The current VFIO-on-POWER implementation supports only user mode
driven mapping, i.e. QEMU is sending requests to map/unmap pages.
However this approach is really slow, so we want to move that to KVM.
Since H_PUT_TCE can be extremely performance sensitive (especially with
network adapters where each packet needs to be mapped/unmapped) we chose
to implement that as a "fast" hypercall directly in "real
mode" (processor still in the guest context but MMU off).

To be able to do that, we need to provide some facilities to
access the struct page count within that real mode environment as things
like the sparsemem vmemmap mappings aren't accessible.

This adds an API function realmode_pfn_to_page() to get page struct when
MMU is off.

This adds to MM a new function put_page_unless_one() which drops a page
if counter is bigger than 1. It is going to be used when MMU is off
(for example, real mode on PPC64) and we want to make sure that page
release will not happen in real mode as it may crash the kernel in
a horrible way.

CONFIG_SPARSEMEM_VMEMMAP and CONFIG_FLATMEM are supported.

Cc: linux-mm@kvack.org
Cc: Benjamin Herrenschmidt <benh@kernel.crashing.org>
Cc: Andrew Morton <akpm@linux-foundation.org>
Reviewed-by: Paul Mackerras <paulus@samba.org>
Signed-off-by: Paul Mackerras <paulus@samba.org>
Signed-off-by: Alexey Kardashevskiy <aik@ozlabs.ru>

---

Changes:
2013/07/25 (v7):
* removed realmode_put_page and added put_page_unless_one() instead.
The name has been chosen to conform the already existing
get_page_unless_zero().
* removed realmode_get_page.

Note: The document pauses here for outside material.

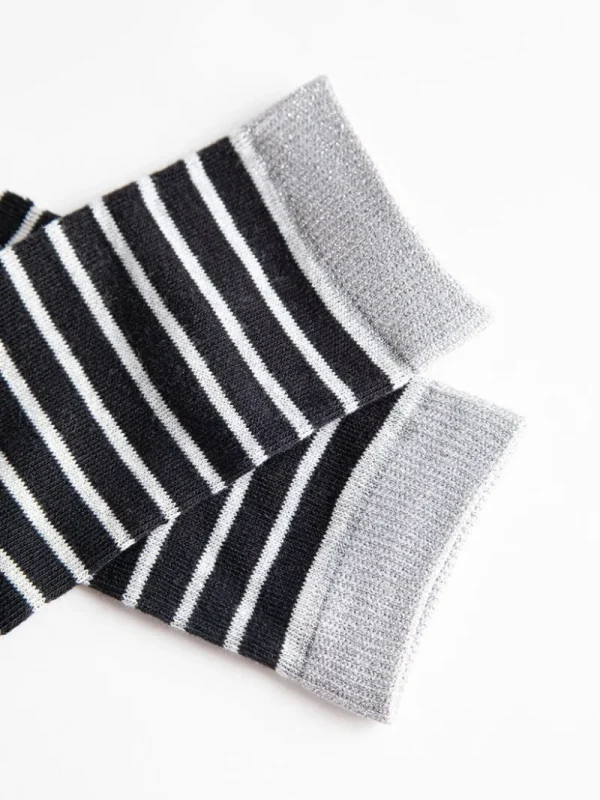 Ricki's Socks*Striped Crew Socks with Gold Shimmer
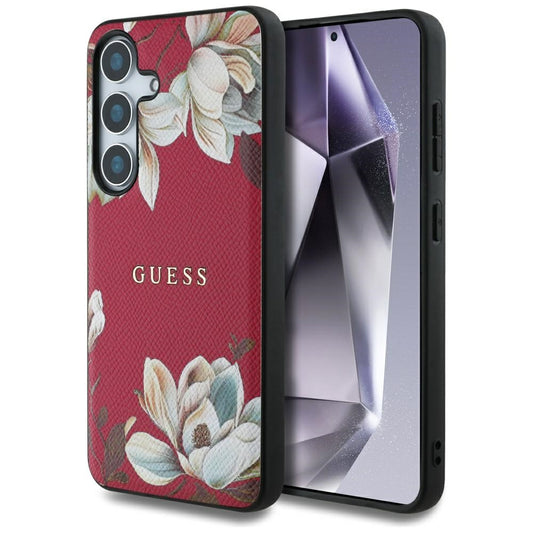 Husa MagSafe za Samsung Galaxy S25 S931, Guess, Grained Flowers, Fuksija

Instead, get_page_unless_zero() should be used

2013/07/10:
* adjusted comment (removed sentence about virtual mode)
* get_page_unless_zero replaced with atomic_inc_not_zero to minimize
effect of a possible get_page_unless_zero() rework (if it ever happens).

2013/06/27:
* realmode_get_page() fixed to use get_page_unless_zero(). If failed,
the call will be passed from real to virtual mode and safely handled.
* added comment to PageCompound() in include/linux/page-flags.h.

2013/05/20:
* PageTail() is replaced by PageCompound() in order to have the same checks
for whether the page is huge in realmode_get_page() and realmode_put_page()
---
 arch/powerpc/include/asm/pgtable-ppc64.h |  2 ++
 arch/powerpc/mm/init_64.c                | 50 +++++++++++++++++++++++++++++++-
 include/linux/mm.h                       | 14 +++++++++
 include/linux/page-flags.h               |  4 ++-
 4 files changed, 68 insertions(+), 2 deletions(-)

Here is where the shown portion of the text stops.